This is a compensation case. Defendant in error, D. E. Marsden, was injured in the course of his employment. The Industrial Accident Board awarded him compensation on the basis of total permanent disability. Texas Employers' Insurance Association, the insurance carrier, appealed to the district court and prayed that the award be set aside. Defendant in error answered, and filed a cross action, in which he set up claim for compensation on the basis of total permanent disability. Plaintiff in error filed no answer to the cross action. The case was one of hernia arising in the course of employment, and the Association refused to furnish an operation. In the district court the case was tried and hotly contested on the question of total permanent disability, just as if a general denial had been entered by the Association. All issues which the Association would have been entitled to have submitted, if it had filed a general denial, were submitted and answered by the jury, including issues concerning partial disability. Judgment was rendered in the district court in favor of the claimant on the basis of total permanent disability. The facts, as well as the findings of the jury, fully authorized such judgment. The Court of Civil Appeals affirmed the judgment of the trial court, holding that by its failure to file a general denial to defendant in error's cross action, the plaintiff in error admitted all material allegations in such cross action; and refused to consider any of the assignments of plaintiff in error. 111 S.W.2d 1138.

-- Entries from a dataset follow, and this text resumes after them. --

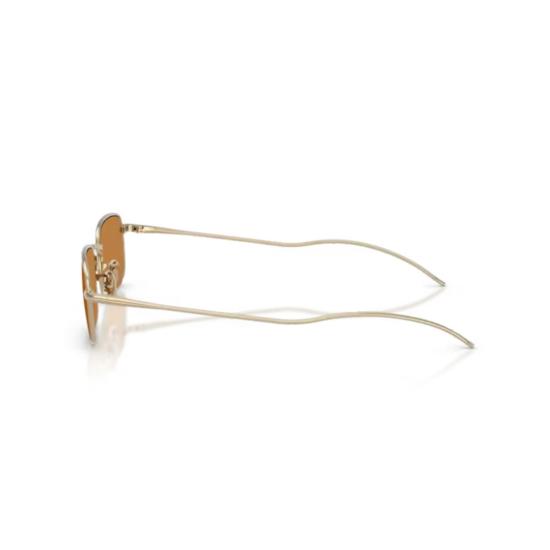 26SS 올리버피플스 선글라스 0OV1364ST 503553 - OLIVER PEOPLES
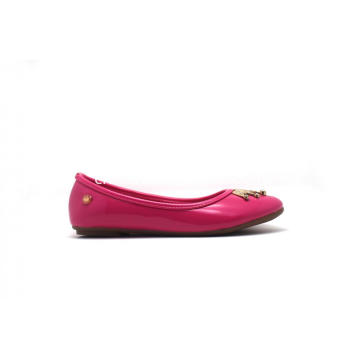 Kasut Wanita Crown Princee Comfort Shoes Bossgoo Com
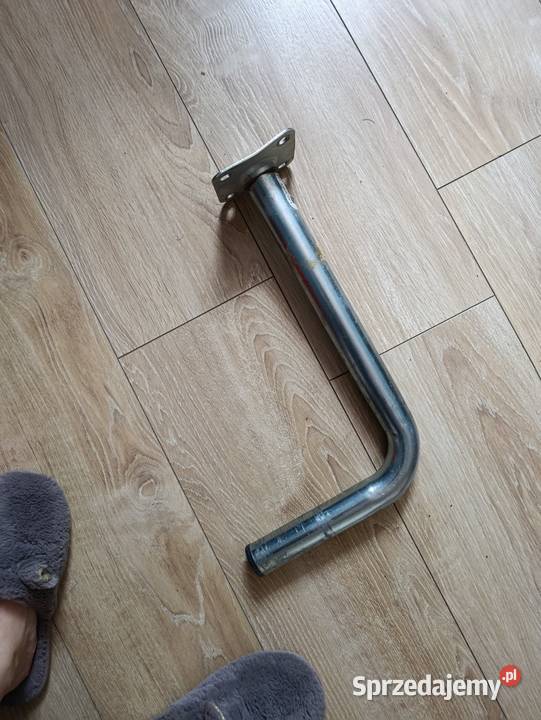 uchwyt do montowania anteny TV Poznań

Upon original consideration we refused writ of error. On motion for rehearing we have carefully reconsidered the question, and are of the opinion that the Court of Civil Appeals was in error in its holding. We think the record clearly discloses that the case was tried in the district court by all parties as if plaintiff in error had filed a general denial to the cross action. Regardless of whether or not it was, under strict technical *Page 258 rules, required to answer the cross action, we think that such answer was waived, and the parties proceeded upon the theory that there had been a general denial entered.
We have therefore given careful consideration to the application for writ of error, as well as plaintiffs in error's brief in the Court of Civil Appeals, and have reached the conclusion that there is no reversible error presented. If writ of error was granted on the question of the alleged error of the Court of Civil Appeals, the judgment would nevertheless be affirmed.
The motion for rehearing is granted, the order refusing writ of error is set aside, and the application is now dismissed for want of jurisdiction.
Opinion delivered March 30, 1938.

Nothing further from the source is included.